BRUSSELS: Eurozone economic activity slowed more than first thought in September, a key business survey showed on Monday, adding to concerns over the outlook.
Data monitoring company Markit said its revised September Purchasing Managers Index fell to 53.6 points, compared with a first reading of 53.9 points.
The PMI, a closely watched indicator, stood at 54.3 points in August, well above the 50-point boom-or-bust line and holding near the best performance in four years.
Analysts had welcomed the original September figures as showing the 19-nation eurozone economy continued on track for a modest recovery.
But they also expressed concern at the slowdown, warning that the European Central Bank (ECB) might have to boost its already massive, one trillion euros stimulus program, if the slide continued.
The data emerged as eurozone finance ministers were set to meet Monday for the first time since Greek voters re-elected leftist premier Alexis Tsipras, who now faces the task of implementing Athens’s cash-for-reforms bailout deal.
Markit chief economist Chris Williamson said the latest figures suggested the eurozone economy would grow 0.4 percent in the third quarter, the same as in the three months to June.
“However, the failure of the economy to pick up speed over the summer will be a disappointment to the ECB, especially with job creation sliding to an eight-month low,” Williamson said.

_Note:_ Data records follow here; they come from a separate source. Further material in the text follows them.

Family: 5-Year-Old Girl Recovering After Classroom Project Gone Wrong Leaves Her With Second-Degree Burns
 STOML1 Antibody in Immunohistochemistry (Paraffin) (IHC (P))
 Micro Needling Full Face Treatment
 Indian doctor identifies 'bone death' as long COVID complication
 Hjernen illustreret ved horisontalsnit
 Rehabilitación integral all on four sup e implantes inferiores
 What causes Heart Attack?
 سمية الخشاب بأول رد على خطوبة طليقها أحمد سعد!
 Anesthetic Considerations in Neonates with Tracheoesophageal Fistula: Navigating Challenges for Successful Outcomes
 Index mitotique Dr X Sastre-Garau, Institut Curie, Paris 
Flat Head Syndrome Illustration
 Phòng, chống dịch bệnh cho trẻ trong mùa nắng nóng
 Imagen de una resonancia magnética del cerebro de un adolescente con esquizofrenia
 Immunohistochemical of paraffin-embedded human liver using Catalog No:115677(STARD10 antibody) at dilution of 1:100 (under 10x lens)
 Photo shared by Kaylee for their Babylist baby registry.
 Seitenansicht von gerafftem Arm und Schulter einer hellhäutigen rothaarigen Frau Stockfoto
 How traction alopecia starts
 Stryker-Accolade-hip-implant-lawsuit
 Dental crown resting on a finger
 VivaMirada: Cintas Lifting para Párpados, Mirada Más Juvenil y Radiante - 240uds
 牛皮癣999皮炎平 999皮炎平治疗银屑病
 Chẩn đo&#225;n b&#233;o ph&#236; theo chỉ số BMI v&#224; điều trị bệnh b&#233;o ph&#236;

“The weakening of the pace of expansion in September raises the risk of growth fading further in the fourth quarter which would in turn boost the likelihood of the ECB opening the . . . taps further,” he said.
Howard Archer of IHS Global Insight said the latest figures “suggest that the risks to the growth outlook are currently more to the downside.”
If the situation gets worse, then the ECB will have to step in and do more although for the moment the central bank appears to be in “wait and see” mode, Archer said.
In the meantime, the economy “should be able to achieve ongoing modest, if unspectacular growth over the coming months,” he said, citing the positive impact of lower oil and commodity prices on consumers.